Material shown:
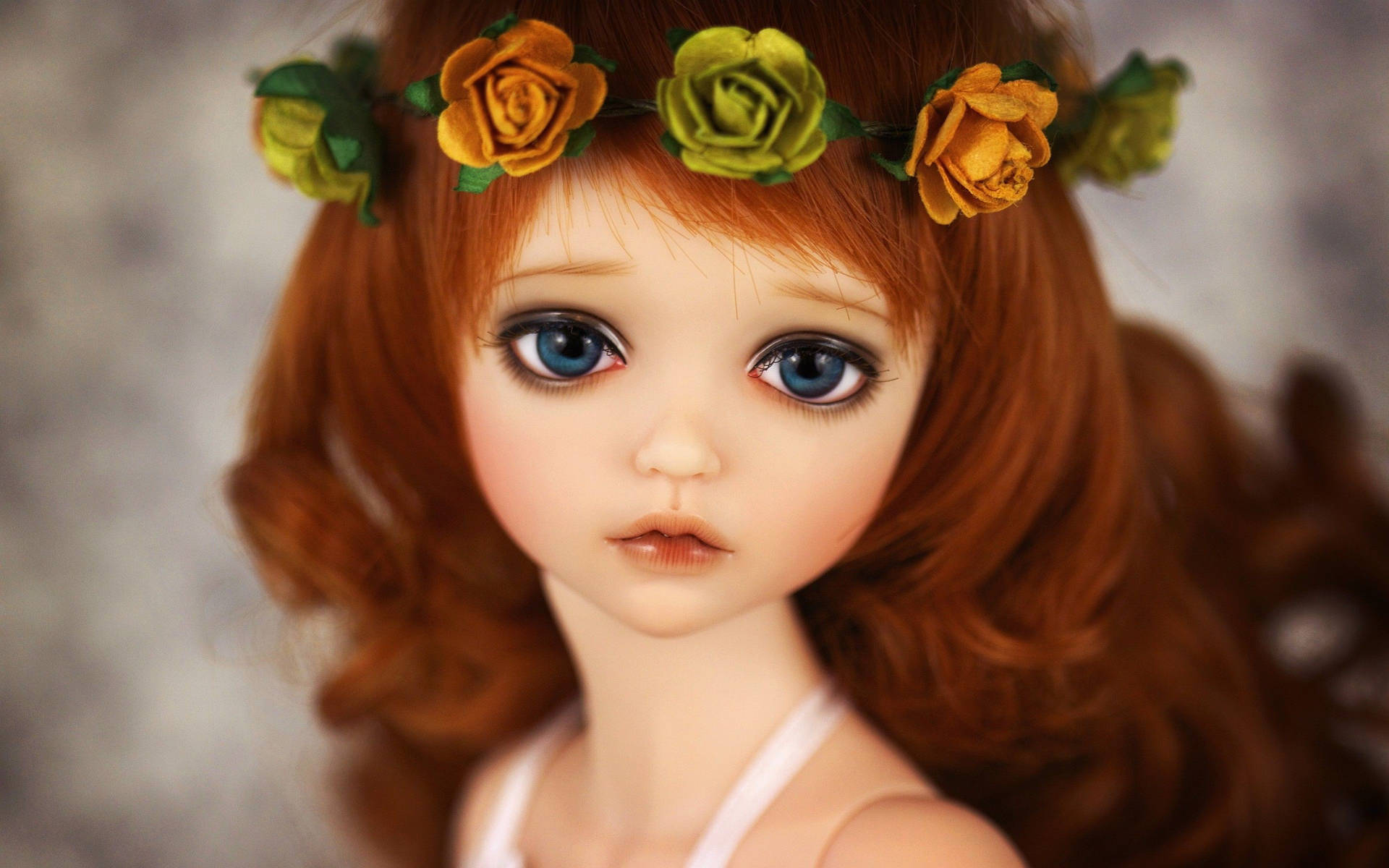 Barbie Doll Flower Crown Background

---

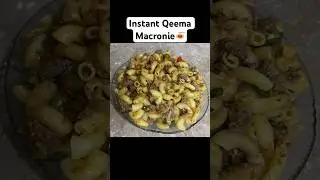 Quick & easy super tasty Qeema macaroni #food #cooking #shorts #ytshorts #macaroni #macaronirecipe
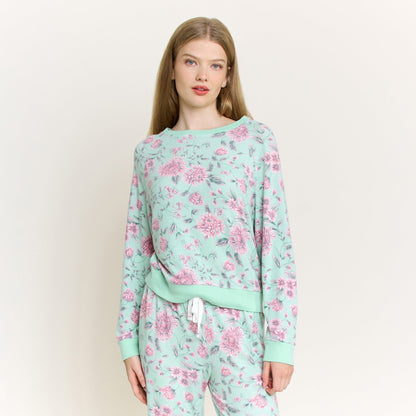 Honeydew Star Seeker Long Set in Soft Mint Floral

* * *

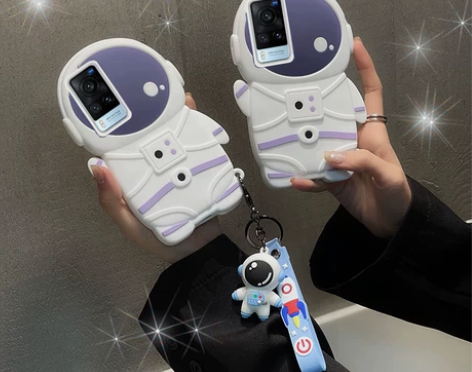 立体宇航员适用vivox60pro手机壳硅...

Problem to solve:
An exact copy is needed of the entries above, starting at the line that holds "Quick & easy" and stopping at the line that holds "Honeydew Star Seeker", both kept; pictures stay out.

Result of the exercise:
 Quick & easy super tasty Qeema macaroni #food #cooking #shorts #ytshorts #macaroni #macaronirecipe
 Honeydew Star Seeker Long Set in Soft Mint Floral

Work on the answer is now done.